Durante la Edad Moderna el paradigma económico dominante en toda Europa fue el mercantilismo, que consiste en que los gobiernos intentan poner todos los obstáculos posibles a las importaciones y facilitar las exportaciones, para tener superávit en la balanza de pagos. La abundancia de moneda fuerte en España y la gran cantidad de gastos militares que generaban nuestros tercios convirtieron a nuestro país en la fuente suministradora de oro y de plata más importante del continente. Había un flujo constante de dinero desde España hacia el resto de países, que se compensaba, en parte, con importaciones de manufacturas que procedían de los mismos (la otra parte servía para pagar –in situ- a proveedores, soldados y los intereses de los prestamistas centroeuropeos).
Los fabricantes de manufacturas en España lo tenían mucho más difícil que sus colegas extranjeros y les resultaba muy complicado competir en precios con ellos. Por eso dije hace tiempo que la existencia del Imperio español estuvo en la base de la posterior revolución industrial, ya que estimuló el desarrollo de las ventajas comparativas en los distintos países. Lo más eficiente que había en España era el ejército, y por eso nuestro país se convirtió en el gran sostenedor de la estructura político-militar intercontinental que dio origen al mundo moderno.
Inglaterra y Holanda (pese a su creciente rivalidad marítima con España) surgen como meros contratistas, como suministradores de bienes y de servicios que, poco a poco, van descubriendo las rutas del comercio español y se aprestan a sustituirnos en ellas de manera paulatina. Aún así, durante los siglos XVI y XVII sólo pudieron arañar una parte modesta del negocio intercontinental. Su crecimiento económico, durante ese tiempo, se basó sobre todo en los flujos que se estaban dando en Europa.

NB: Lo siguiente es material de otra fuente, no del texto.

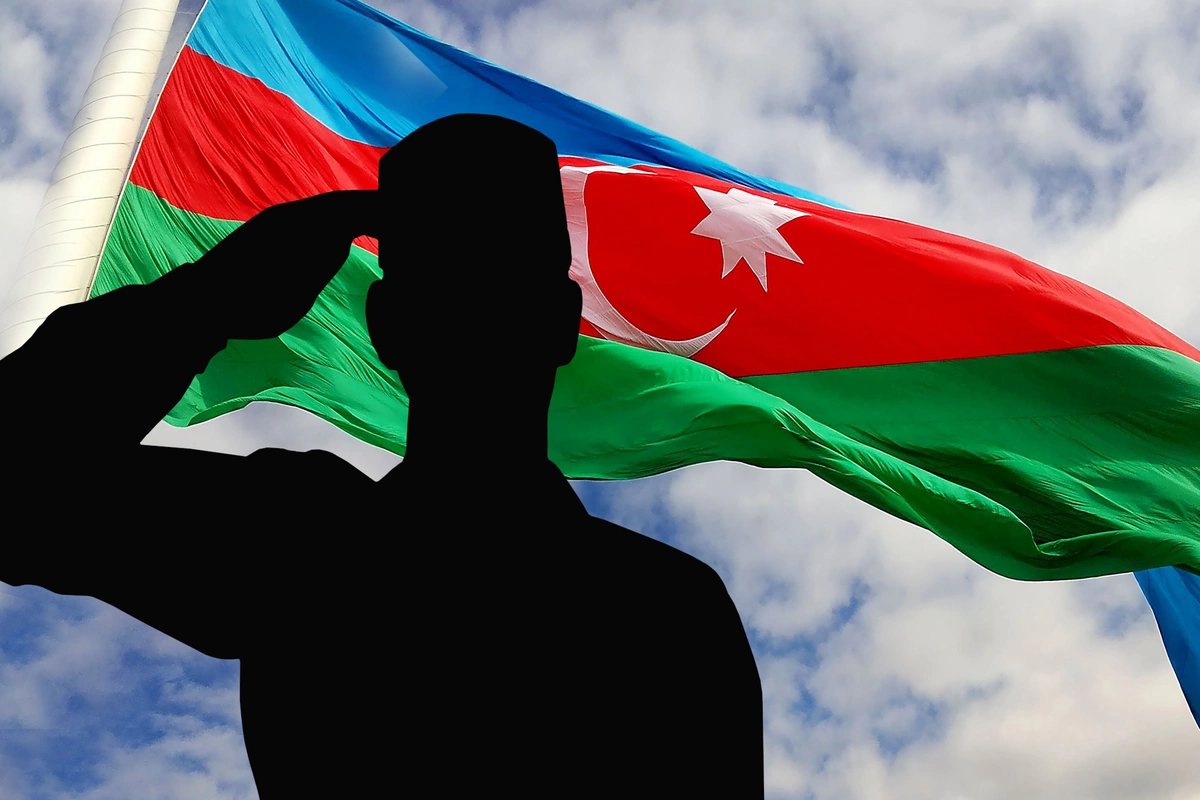 Şəhid olmuş bir qrup hərbi qulluqçu və mülki işçi ölümündən sonra təltif olunub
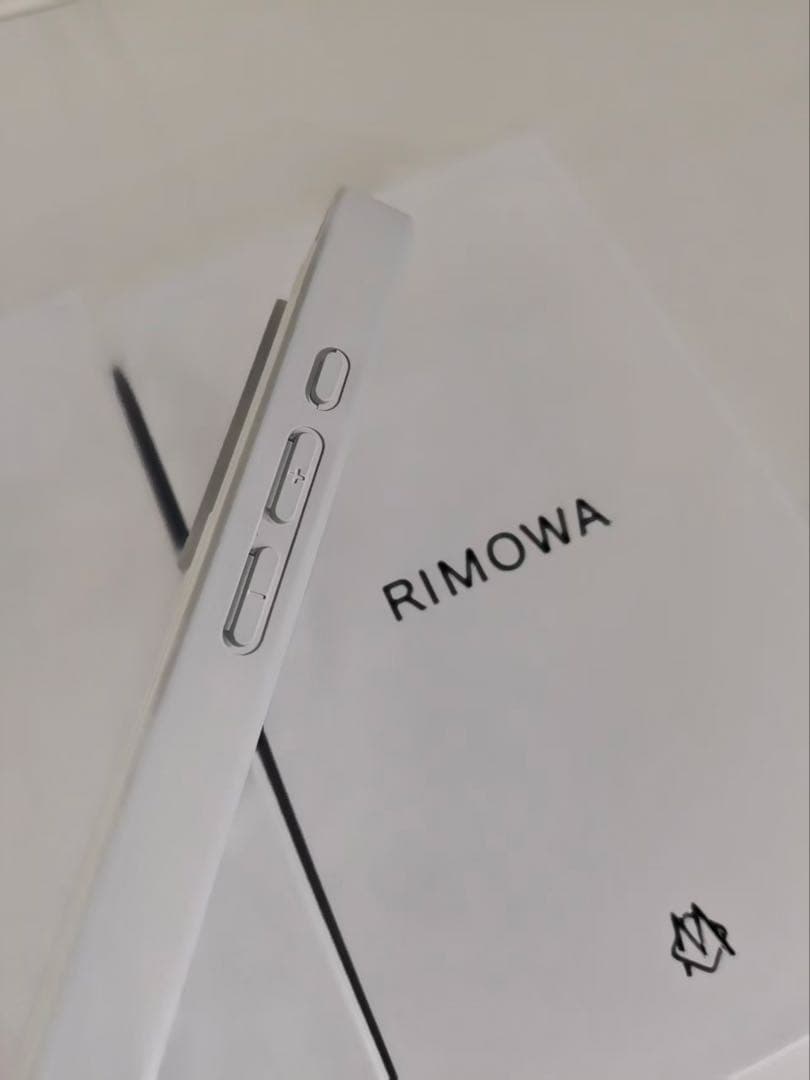RIMOWA ストライプデザイン iPhone14proケース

El incremento de la productividad global estimuló el desarrollo tecnológico y el crecimiento demográfico. Este último factor debilitaba la posición española en términos relativos, porque nuestro país era más árido que los ultrapirenaicos, dado que era más seco y más montañoso. Por esto último presentaba –además- una serie de obstáculos naturales interiores que hacían mucho más difícil el comercio terrestre entre sus distintas regiones.
España hubiera necesitado que buena parte de esos recursos monetarios que fluían desde el continente americano se hubieran invertido en el desarrollo de infraestructuras de tipo hidráulico que hubieran permitido la conversión de millones de hectáreas de secano en regadíos e, igualmente, en carreteras, drenaje de ríos y construcción de canales para facilitar el transporte de mercancías por el interior peninsular. Muy poco fue lo que se hizo al respecto, en comparación con lo que estaban haciendo nuestros adversarios (recordemos el ingente esfuerzo que los holandeses hicieron en la construcción de polders y los miles de hectáreas que le arrancaron al mar). Todos los poderes políticos que fueron capaces de hacer valer su autoridad de forma clara sobre amplias regiones del este o del sur de nuestro país antes del 1500 (los romanos, los califas andalusíes, los reyes nazaríes...) hicieron grandes inversiones en infraestructuras de tipo hidráulico y de comunicaciones terrestres. Es una necesidad estructural de nuestro país. También fue una obsesión para una parte significativa de los arbitristas de la Edad Moderna y para los regeneracionistas de los siglos XIX y XX. El medio físico en el que vivimos nos empuja a actuar de una determinada manera, como sucede en Egipto o en Mesopotamia, países que fueron la cuna de grandes civilizaciones cuando sus respectivos poderes políticos se pusieron a trabajar para satisfacer las necesidades más imperiosas de sus habitantes.
Pero los monarcas españoles de los siglos XVI y XVII tuvieron otras prioridades. Estaban en buena medida absorbidos en la tarea de sostener la infraestructura militar de la “Camisa de Fuerza Francesa”, para mantener sus posiciones desde el Mediterráneo hasta el Mar del Norte.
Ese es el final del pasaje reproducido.